Chinese officials are debating whether the recent slowdown is just a "hiccup" or if additional intervention from the government is necessary, remarked Morgan Stanley's chief China economist, Robin Xing.
Before reaching a decision, regulators, according to Xing, would watch factory activities over the ensuing two months. The implementation of targeted automobile subsidies, the easing of restrictions on real estate purchases, and the funding of infrastructure projects are examples of stimulative policies.
Given the low base from the previous year, when officials shut down Shanghai, China's largest city, and other metropolises for extended periods of time, experts predict that Beijing's full-year growth target of 5% for 2023 should still be reachable.

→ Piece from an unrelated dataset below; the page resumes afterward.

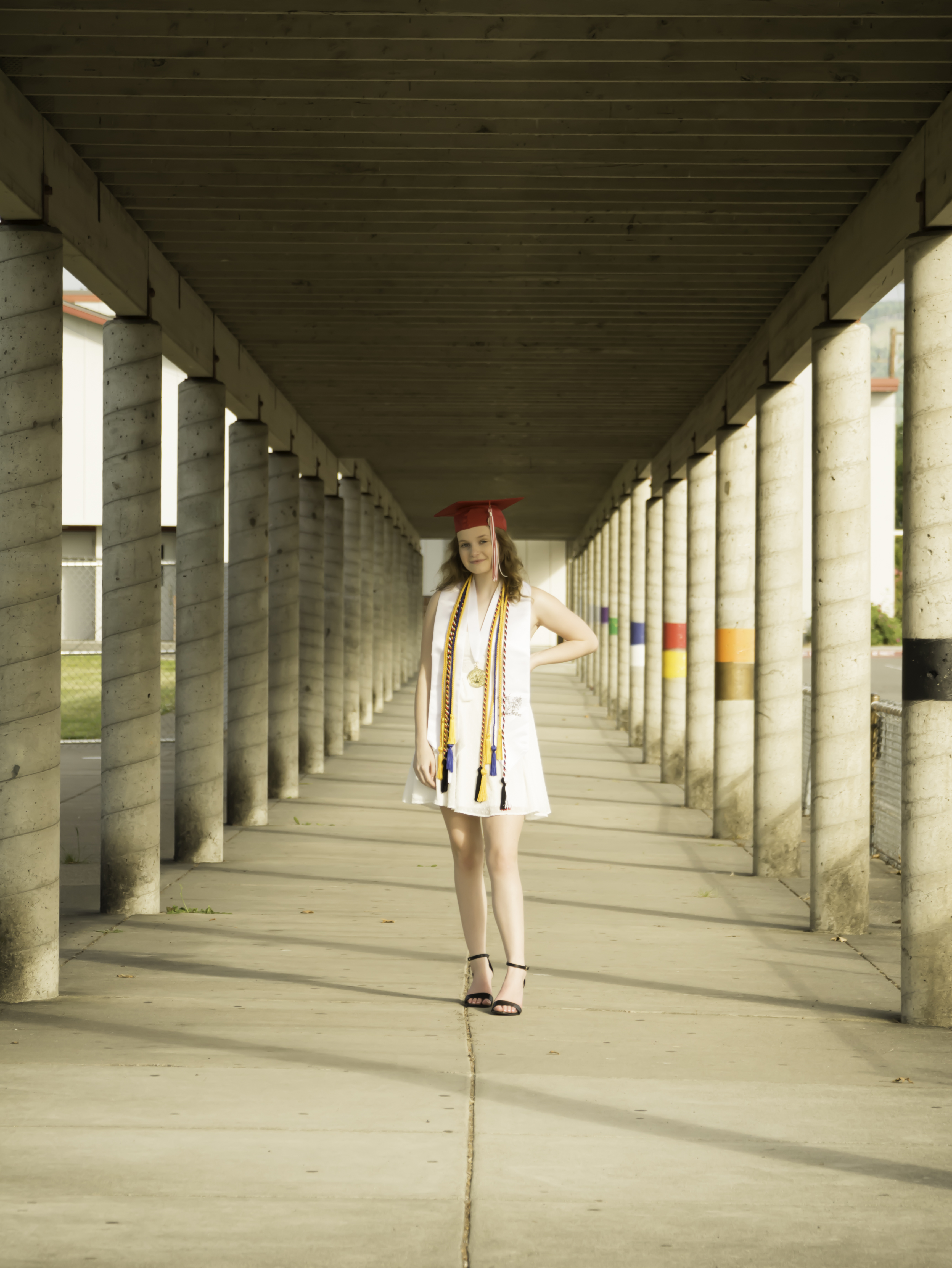 Graduate walking toward the camera through a covered campus walkway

According to Xing at Morgan Stanley, the government will not permit growth to fall below that level since it would increase long-term unemployment and run the danger of triggering social issues. The hardest restriction, he claimed, was social stability.
Whatever the policy course, this year appears to be dismal for China's youth. Changes in the government's goals, such as a move away from banking and online platforms and towards manufacturing engineering and electronic gear, have already transformed the labor market and left many graduates unprepared, according to observers.
Christina Liu, a Hunan student in her 20s who was having trouble finding employment after earning her master's, made the decision to pursue a PhD. Although she is a student in Hong Kong, she claimed that many of her acquaintances were having trouble finding work or switching careers.
Some of them wanted to leave, but Liu claimed that they were afraid to do so without having secured another position first.